What is $\int_0^{2 \pi} \sin^{2009}( x) ~~dx$ What is
$$\displaystyle \int_0^{2 \pi} \sin^{2009}(x) ~~dx$$
If it is $0$, how so? Then shouldn't $\sin x$ be also $0$ and not -$\cos x$ since the top and bottom cancel out?
 A: Because $\sin (\pi + x) = -\sin (\pi - x)$, we can make a substitution $u = x - \pi$.  Then we have the integral of an odd function (composition of two odd functions $\sin x$ and $x^{2009}$) between $-\pi$ and $\pi$ and so the area is $0$.
A: The integral evaluates to $0$, which can be intuited from the following argument: $\sin(x)$ is oscillatory and $2\pi$-periodic, so that there is equal area above and below the $x$-axis over the interval $[0,2\pi]$; this applies for all odd powers of $\sin(x)$. Moreover, this applies for all odd powers of $\cos(x)$. As long as you integrate over the period of these oscillating functions (their odd powers that is), the areas above and below the $x$-axis will cancel, yielding $0$.

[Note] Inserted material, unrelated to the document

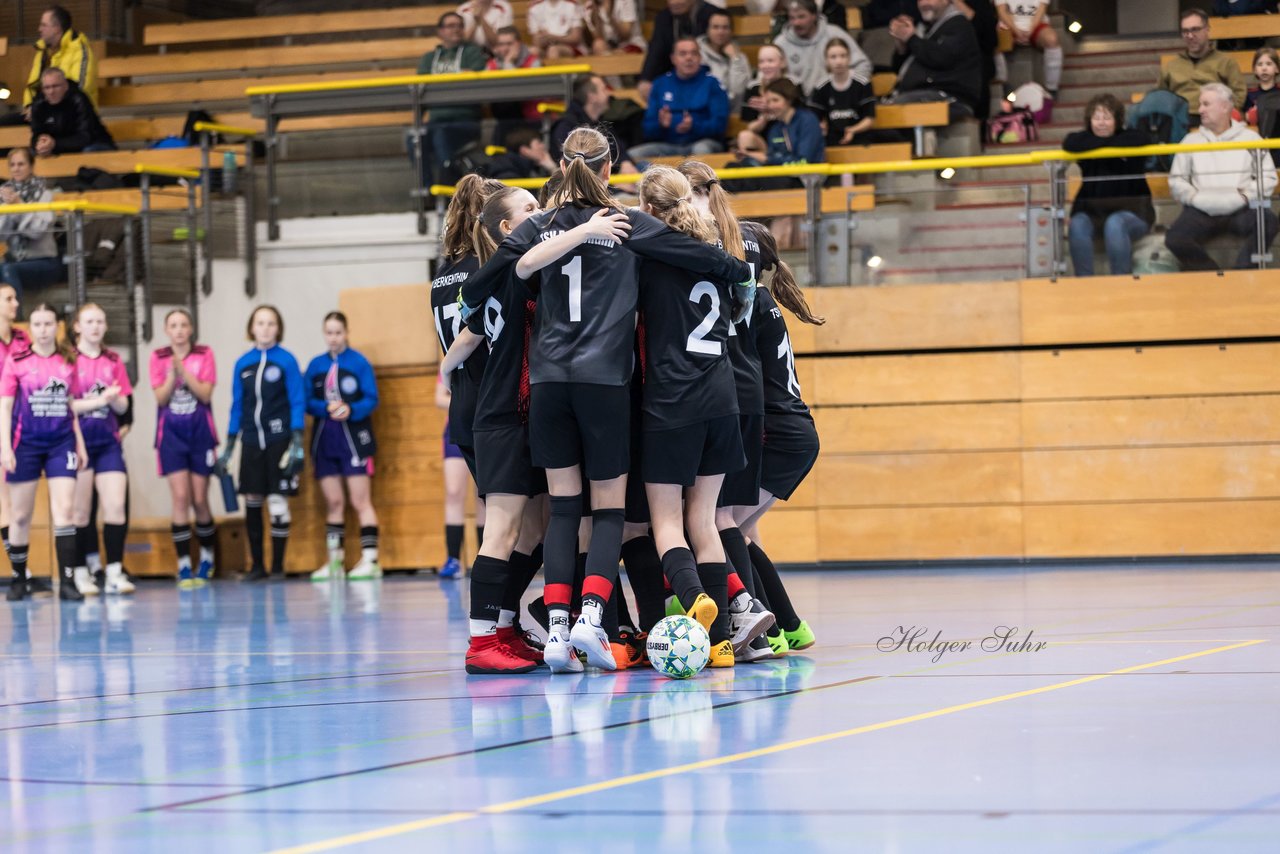 Bild 63 - wBJ Fortuna St. Juergen Winter Cup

A: Use the reduction formula to study the recurrence relation involved $$\int \sin^{2n+1}x =\cfrac{\cos x \sin^{2n} x}{2n+1}+\cfrac{2n}{2n+1}\cdot\int \sin^{2n-1}x \ dx +c $$
and $\displaystyle \int_0^{2 \pi} \sin(x) dx =\left[-\cos x \right]^{2\pi}_0= 0$  and not just $- \cos x$